| What you have to do |
Reproduce exactly, leaving out pictures, each line from the one holding "392 - Corgi" through the final line of the listing, and add nothing.

[Start of Attachment]

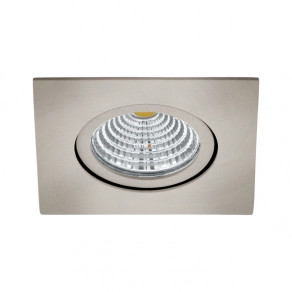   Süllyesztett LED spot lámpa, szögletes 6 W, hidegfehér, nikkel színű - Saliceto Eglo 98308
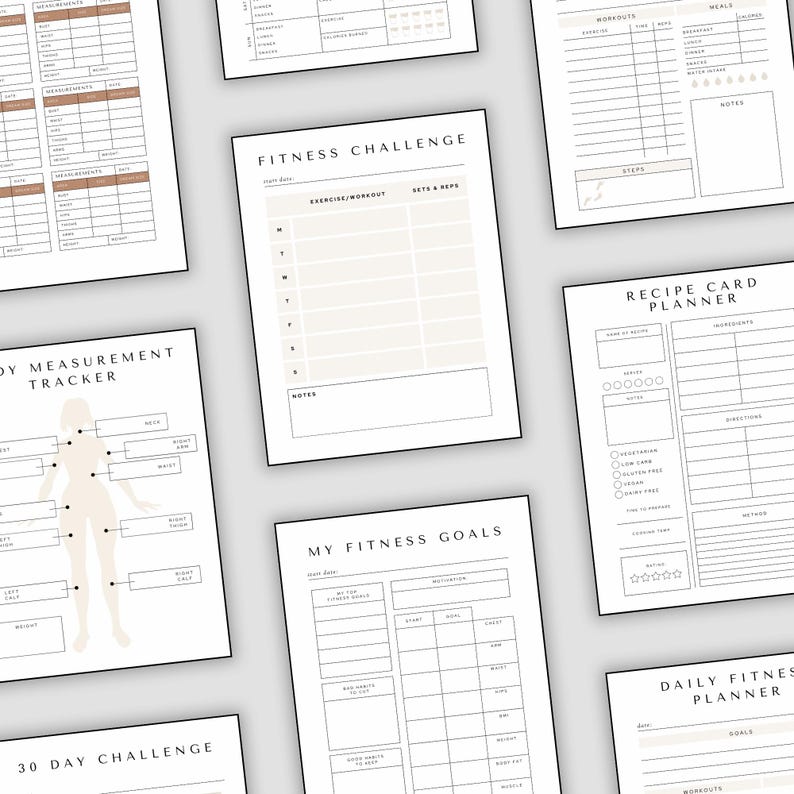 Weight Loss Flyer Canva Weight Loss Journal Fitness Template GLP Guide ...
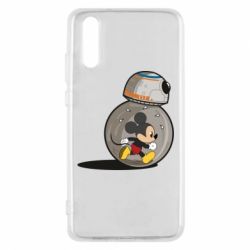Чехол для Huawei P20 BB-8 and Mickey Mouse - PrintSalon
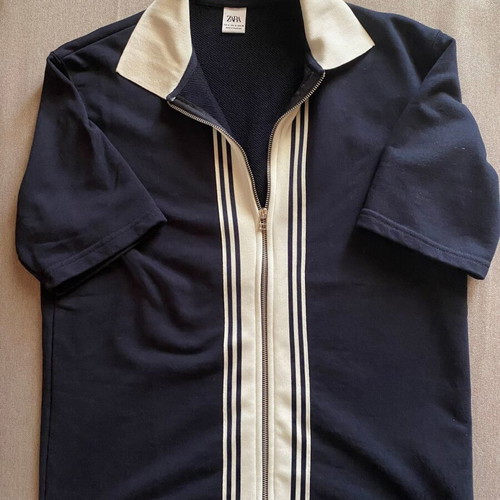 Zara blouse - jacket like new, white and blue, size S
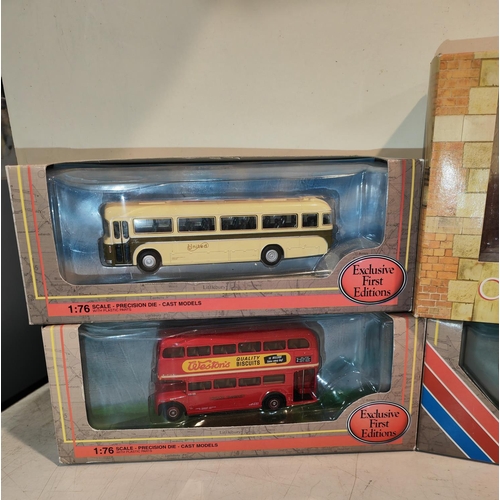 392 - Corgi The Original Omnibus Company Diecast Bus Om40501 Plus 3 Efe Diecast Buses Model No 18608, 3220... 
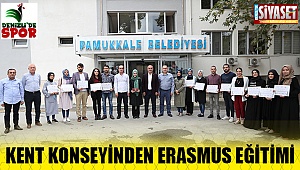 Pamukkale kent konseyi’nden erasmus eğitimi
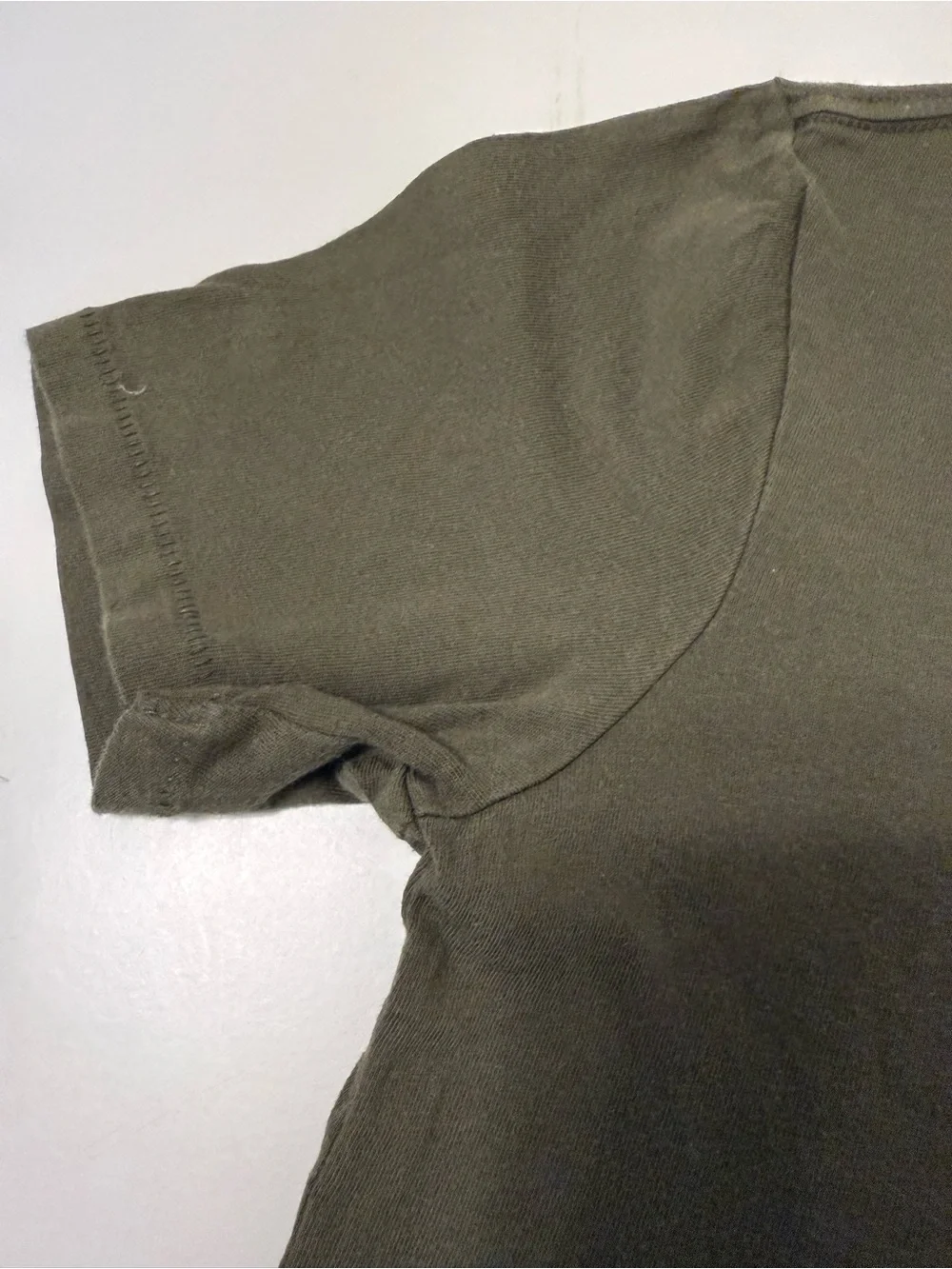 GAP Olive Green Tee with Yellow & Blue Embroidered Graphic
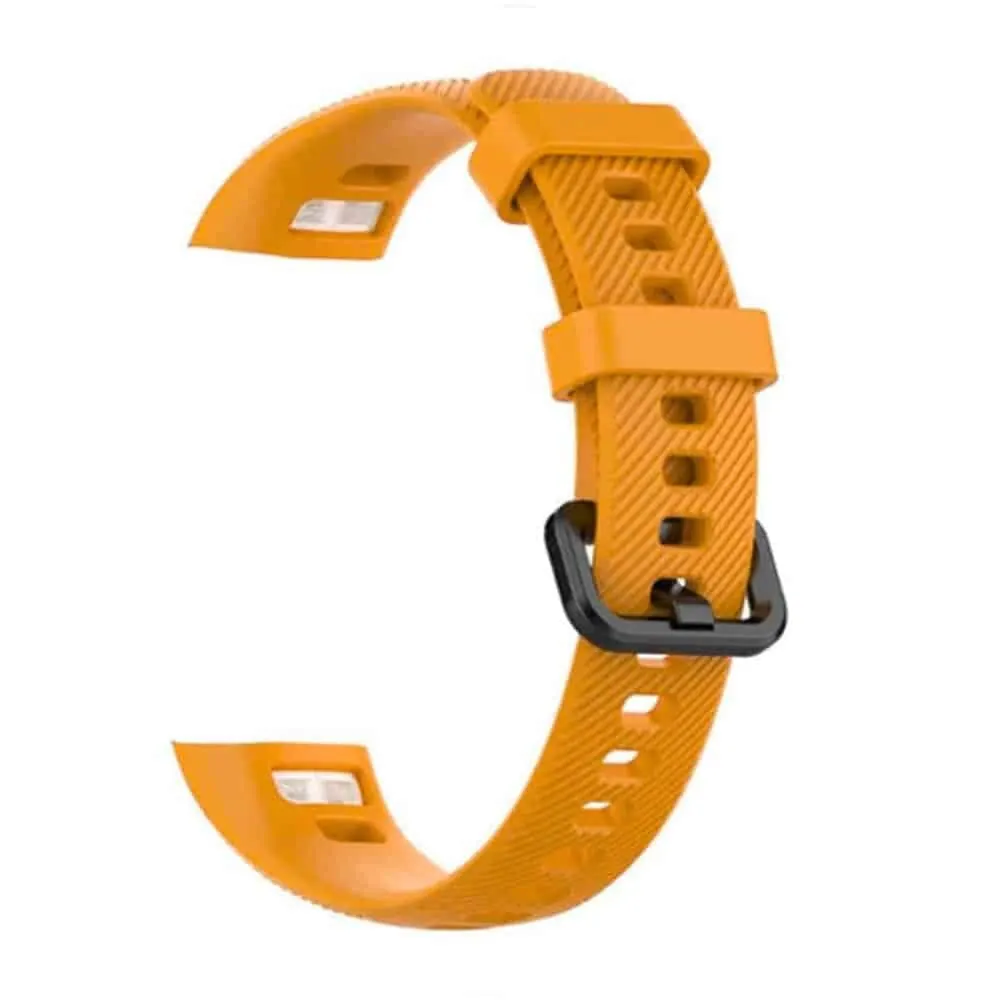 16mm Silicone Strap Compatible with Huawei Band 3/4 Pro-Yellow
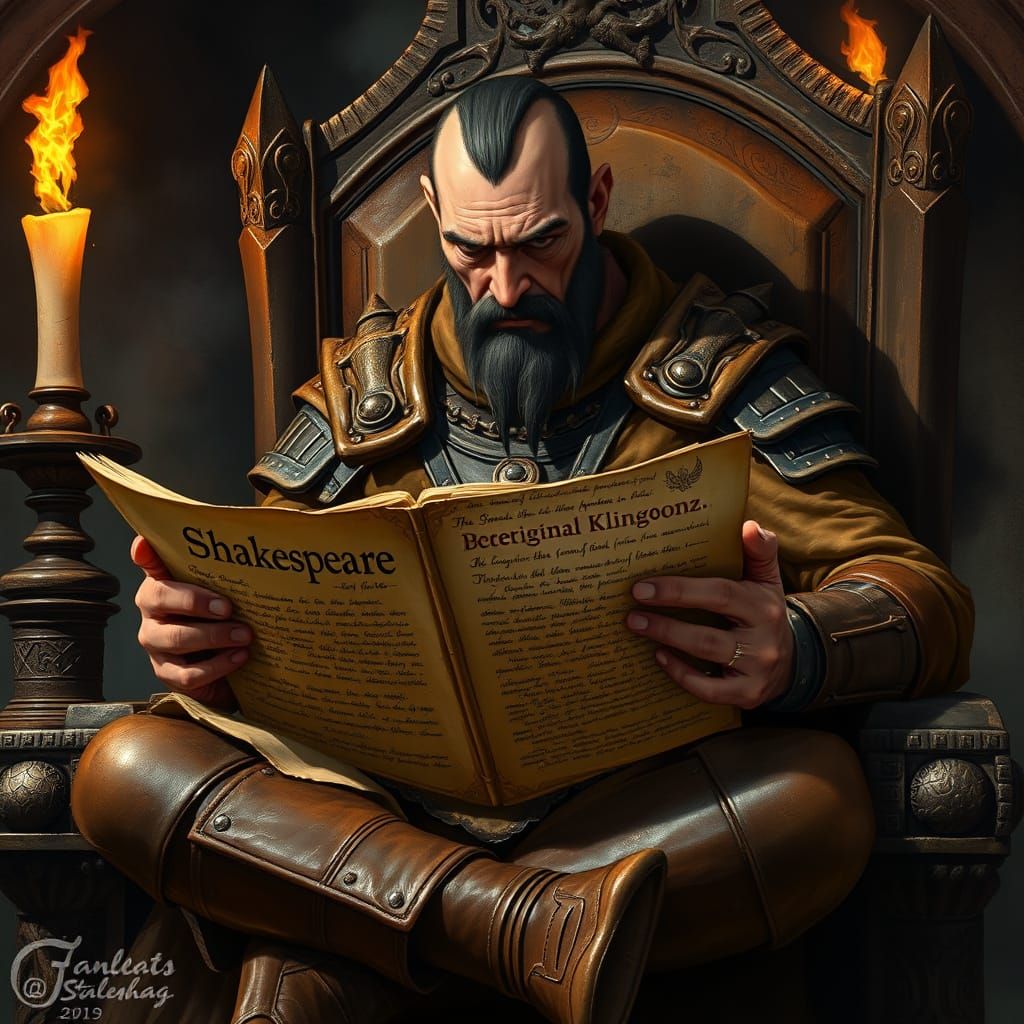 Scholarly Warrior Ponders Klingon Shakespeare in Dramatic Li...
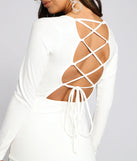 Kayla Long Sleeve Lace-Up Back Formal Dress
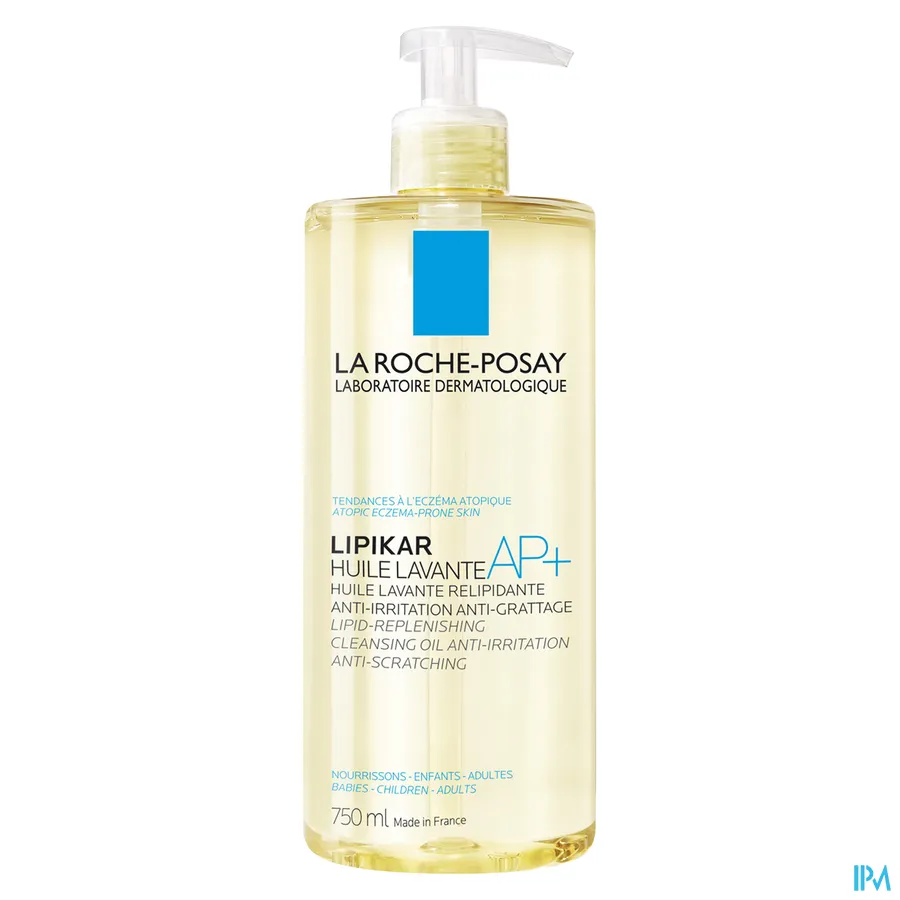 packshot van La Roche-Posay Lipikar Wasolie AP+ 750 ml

[End of Attachment]

| Response to this task |
 392 - Corgi The Original Omnibus Company Diecast Bus Om40501 Plus 3 Efe Diecast Buses Model No 18608, 3220... 
 Pamukkale kent konseyi’nden erasmus eğitimi
 GAP Olive Green Tee with Yellow & Blue Embroidered Graphic
 16mm Silicone Strap Compatible with Huawei Band 3/4 Pro-Yellow
 Scholarly Warrior Ponders Klingon Shakespeare in Dramatic Li...
 Kayla Long Sleeve Lace-Up Back Formal Dress
 packshot van La Roche-Posay Lipikar Wasolie AP+ 750 ml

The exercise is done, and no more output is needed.